***** EXERCISE INPUT *****

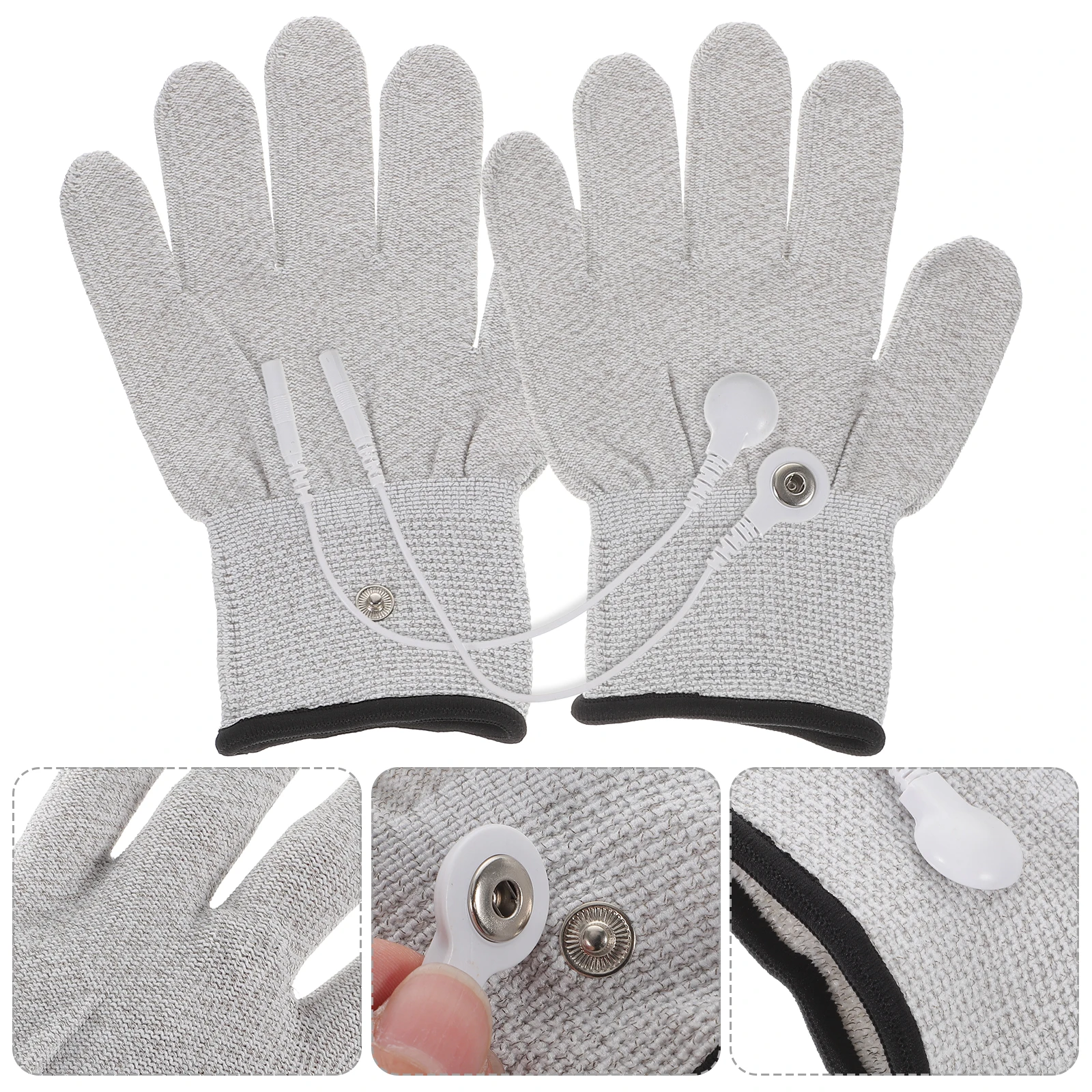 2pcs Electric Gloves Electric Therapy Mitts Durable Premium Material Conductive Breathable Grey Suitable Instruments
2pcs Electric Gloves Electric Therapy Mitts Durable Premium Material Conductive Breathable Grey Suitable Instruments
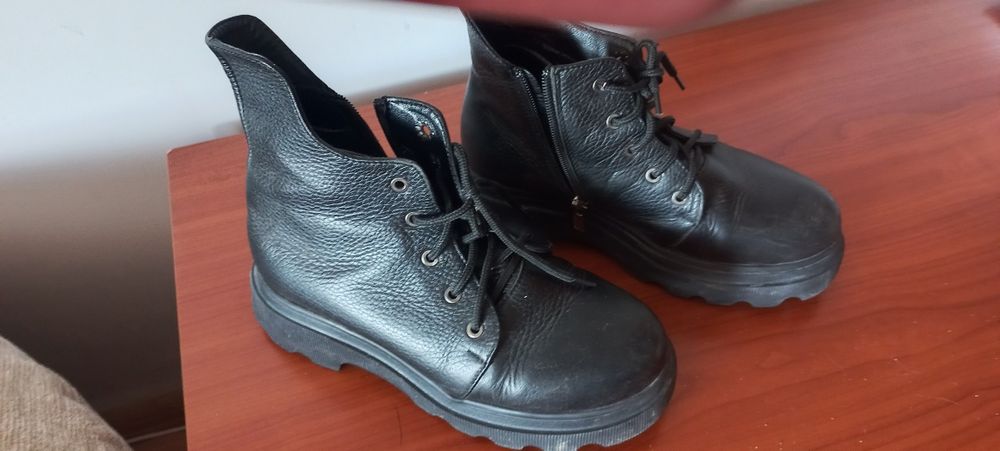 Черевики шкіряні, осінь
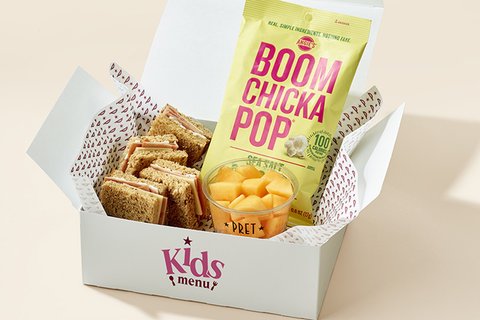 Pret Kid's Turkey & Cheddar Sandwich Lunch Box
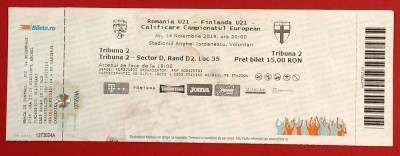 Bilet meci fotbal ROMANIA U21 - FINLANDA U21 (14.11.2019) foto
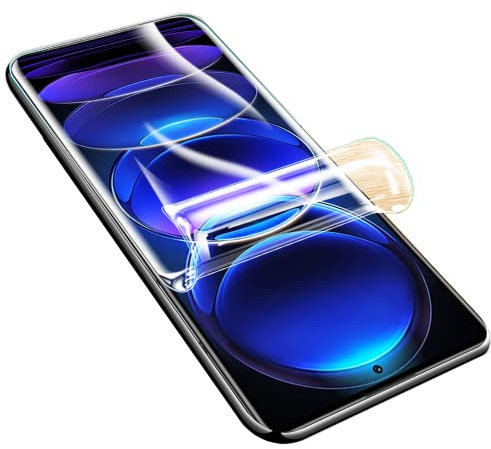 Snailcanfly 2 pcs Film hydrogel pour Xiaomi Redmi Note 12 5G 6.67 Haute Sensibilité film Flexible TPU Protecteurs d'écran Antidéflagrants Pas de Verre Trempé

*****

# WHAT TO WORK ON
Your answer must consist solely of the lines from the one containing "Bilet meci fotbal" through the last line of the records above, copied exactly, with every picture left out.

# ANSWER SECTION
 Bilet meci fotbal ROMANIA U21 - FINLANDA U21 (14.11.2019) foto
 Snailcanfly 2 pcs Film hydrogel pour Xiaomi Redmi Note 12 5G 6.67 Haute Sensibilité film Flexible TPU Protecteurs d'écran Antidéflagrants Pas de Verre Trempé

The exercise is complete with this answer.